May 24, 1861: Butler and the end of slavery
One hundred fifty years ago today, just two days after taking command of Fort Monroe in Hampton, Virginia, Lowell’s Ben Butler made a decision that changed history. Sometime during the night of the 23-24 of May, three slaves who had been digging gun positions for the Confederate forces besieging Fort Monroe, escaped and showed up at the fort asking for asylum. What to do with slaves who came into custody of the Union Army was a dicey proposition, fraught with legal peril. While it would be absurd for the Union Army to send such slaves back to their Confederate owners, neither could they set them free. To do so would be to inflame the non-abolitionist sentiments in the North and would also likely tip the three border states, Maryland, Kentucky and Missouri into the Confederacy.

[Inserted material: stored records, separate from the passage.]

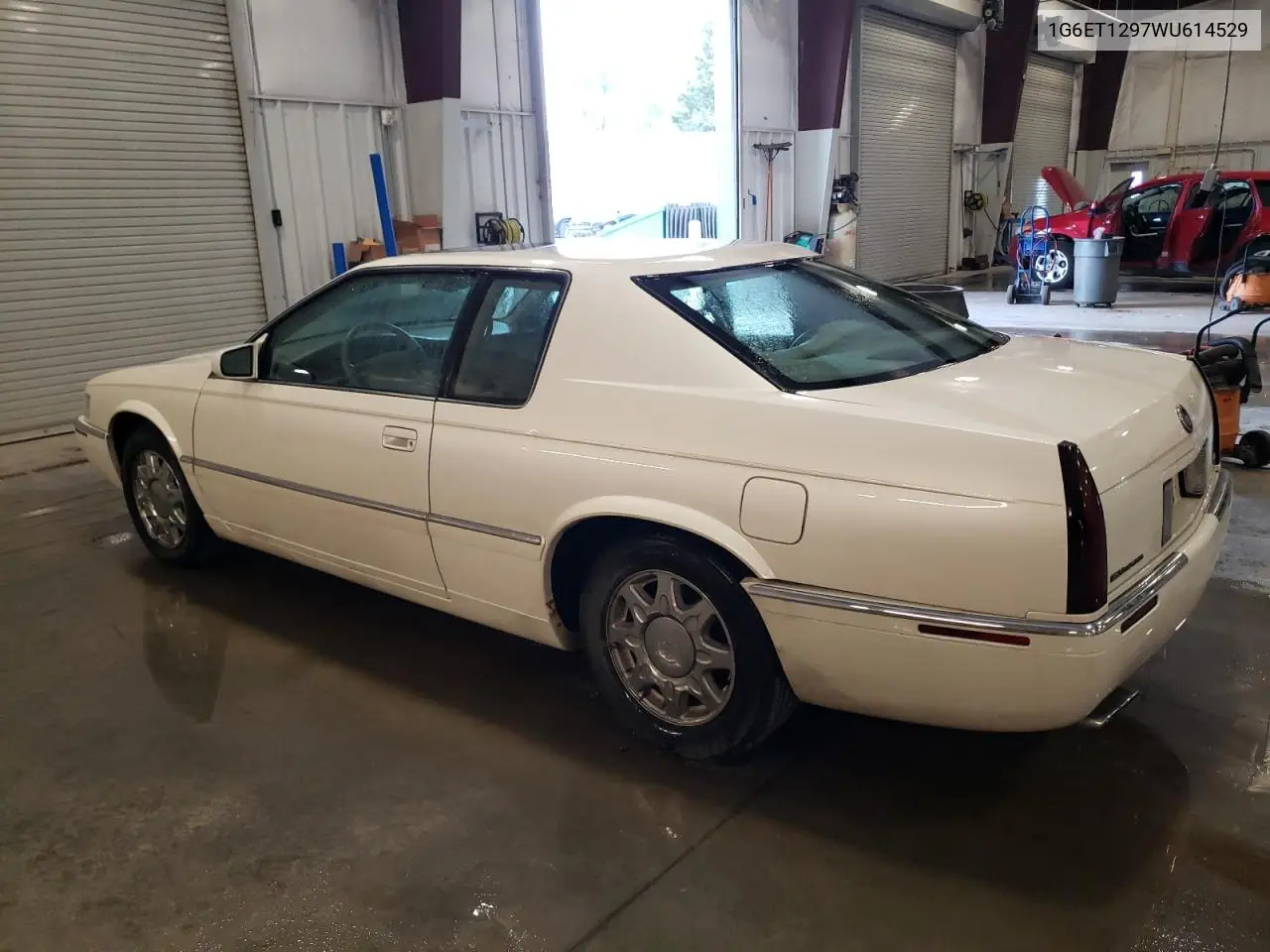 1998 Cadillac Eldorado Touring VIN: 1G6ET1297WU614529 Lot: 64817965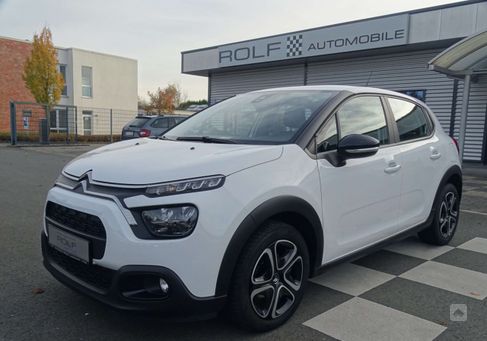 Citroën C3, 2021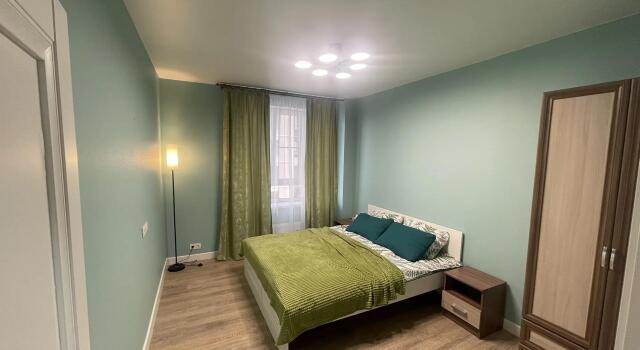 Cozy apartment in the residential complex Nekrasovka Quarter, Book Apartment  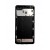 Lcd Frame Middle Chassis For Itel S11 Grey By - Maxbhi Com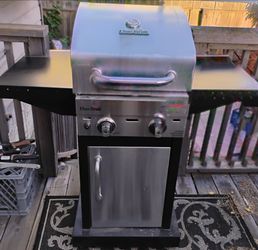 Char-Broil Performance Grill, TRU-Infrared 2-Burner Propane Grill (BONUS: Free Bali Fire Pit)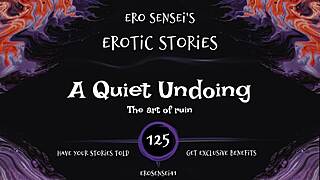 A quiet undoing erotic audio for women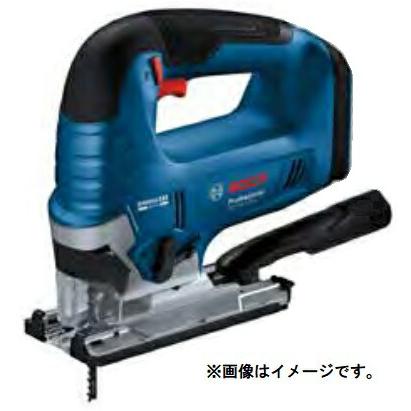 BOSCH（ボッシュ） コードレスジグソー GST18V-125BH 本体のみ 吸じん 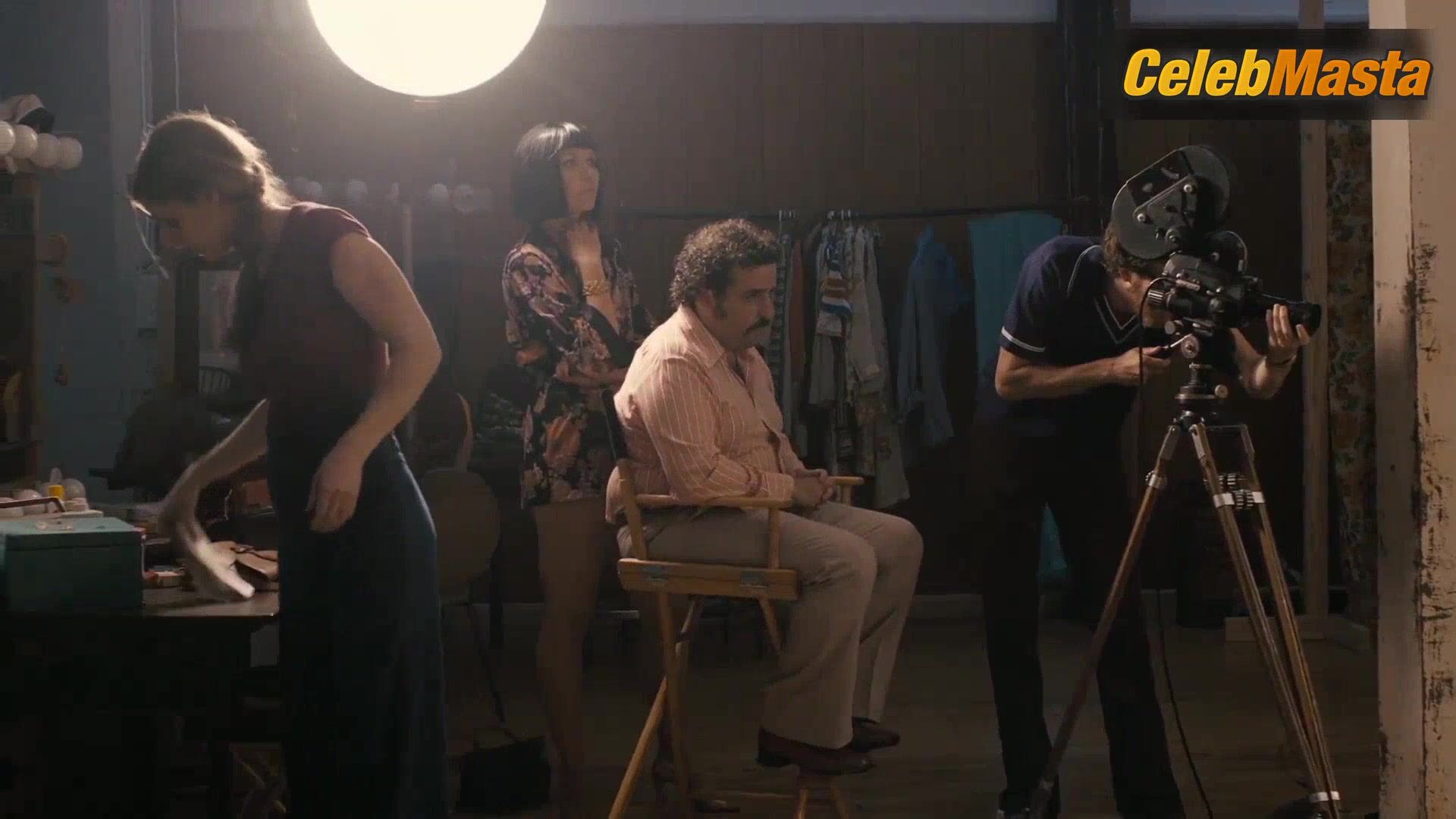 Deborah Twiss Boobs Scene In The Deuce - Photo 4 of 5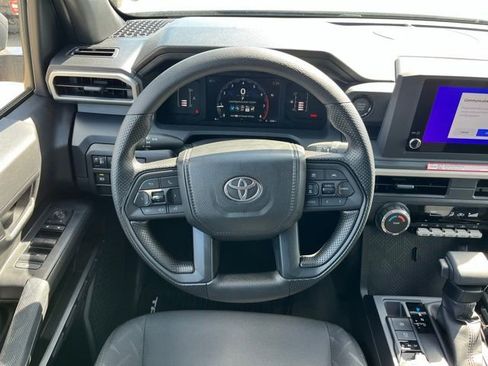 New 2026 Toyota Tacoma SR AWD/4WD image 8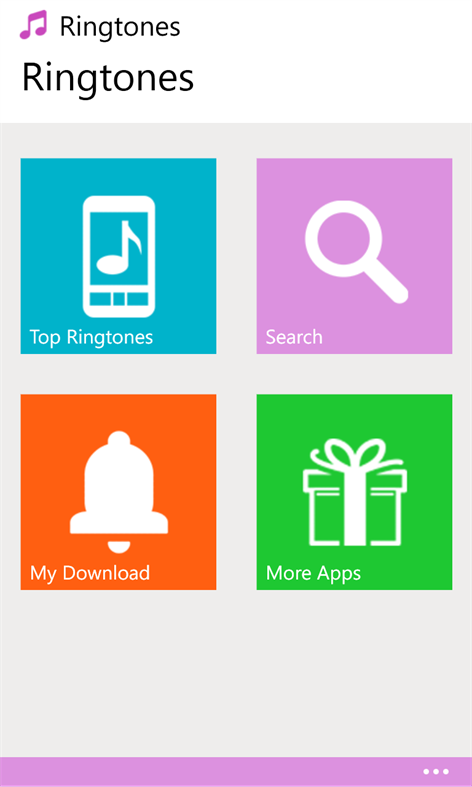 Rintone Download Unlimited Pro Screenshots 1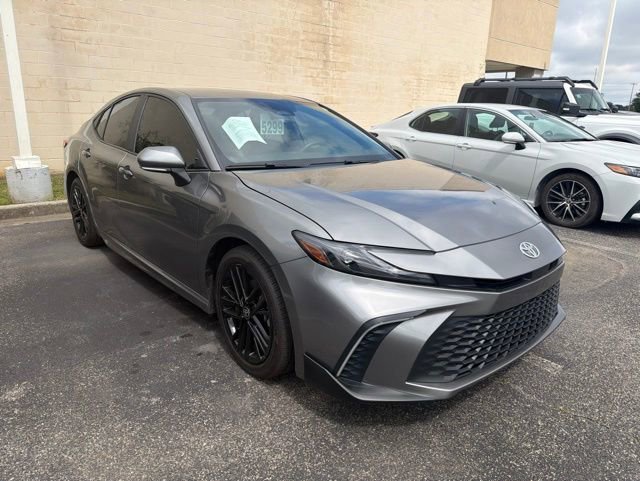 toyota camry 2025 4T1DAACK9SU534297 image toyota camry 2025 4T1DAACK9SU534297 image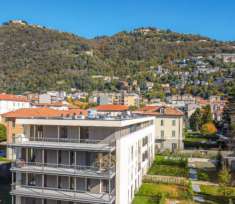 Foto COMO. VIA PETRARCA. IN COMPLESSO ULTRA MODERNO E DI ASSOLUTO PREGIO. VILLA FELOY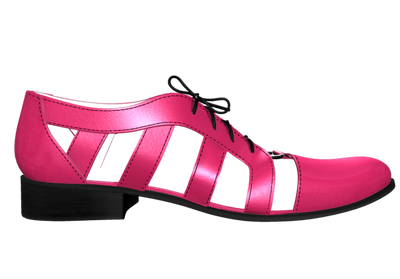 Nassau - Cutout Oxfords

With no guidance from higher headquarters, Butler drew upon his legal training to make his decision. The long-time Lowell lawyer knew that under the laws of war, if one side came into possession of personal property of the other side that was being used to advance that side’s war activities, it was proper to keep that property as “contraband of war.” Butler therefore decided that slaves that came into the custody of him command would be held as contraband of war. He telegraphed his decision to Washington and his policy was soon adopted throughout the Union Army. This precipitated a flood of escaped slaves streaming into Union lines and began influencing Lincoln’s thinking on the subject of slavery, an evolution that resulted the following year in the Emancipation Proclamation.